Towards a fully massive five-flavour scheme
Frank Krauss, Davide Napoletano
TL;DR
This work develops a fully massive five-flavour scheme (5FMS) by extending the Catani–Seymour subtraction formalism to massive initial-state quarks, enabling NLO predictions with heavy-quark masses in the initial state while preserving the resummation properties of the massless five-flavour scheme. It derives phase-space mappings, dipole structures, and integrated subtraction terms for massive initial-state emissions, and implements MC@NLO matching within the SHERPA framework.

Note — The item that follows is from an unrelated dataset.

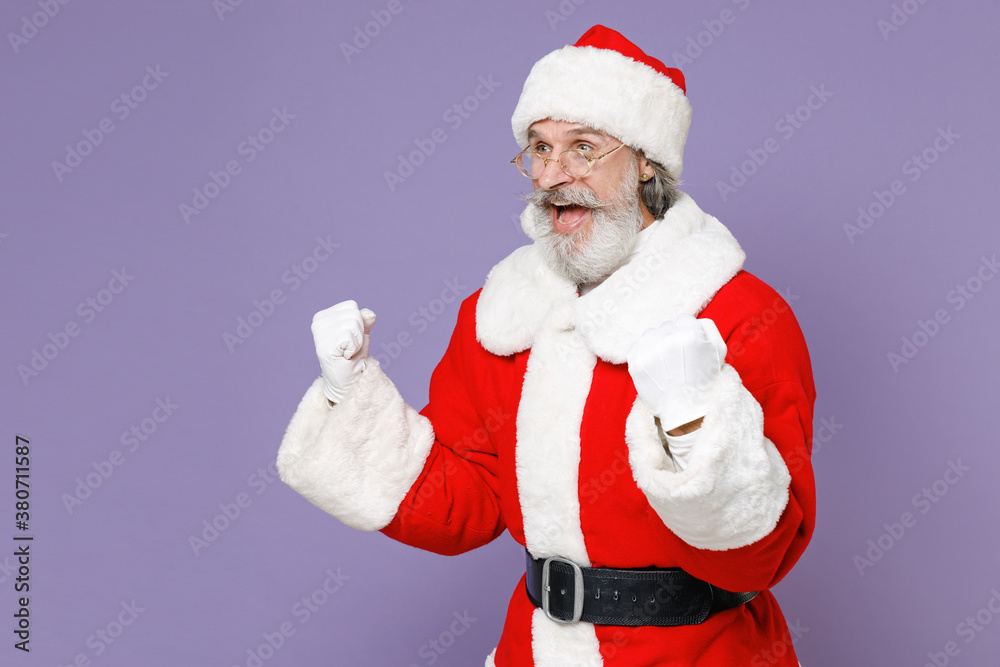 Shocked Santa Claus man in Christmas hat red suit coat white gloves glasses clenching fists doing winner gesture isolated on violet background studio. Happy New Year celebration merry holiday concept. Shocked Santa Claus man in Christmas hat red suit coat white gloves glasses clenching fists doing winner gesture isolated on violet background studio. Happy New Year celebration merry holiday concept.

The approach is validated through bottom-quark fusion production of a scalar A, comparing 5FMS with the traditional 5FS and against the DIRE parton shower; mass effects are found to be small in many regions but can be relevant near thresholds or in specific observables. The results demonstrate that 5FMS provides a practical, fully differential, mass-aware extension of VFNS suitable for LHC phenomenology and beyond.
Abstract
In this work we explore first necessary steps to contruct a fully massive version of a variable flavour number scheme. In particular we focus, as an example, on an extension of the five-flavour scheme, where instead of neglecting explicit initial state quark mass effects, we retain all massive dependence, while keeping the resummation properties of the massless five-flavour scheme. We name this scheme five-flavour-massive (5FMS) scheme. Apart from consistently modified parton distribution functions, we provide all the ingredients that are needed to implement this scheme at MC@NLO accuracy, in a Monte Carlo event generator. As proof of concept we implement this scheme in SHERPA, and perfom a comparison of the new scheme with traditional ones for the simple process of scalar particle production in bottom quark fusion.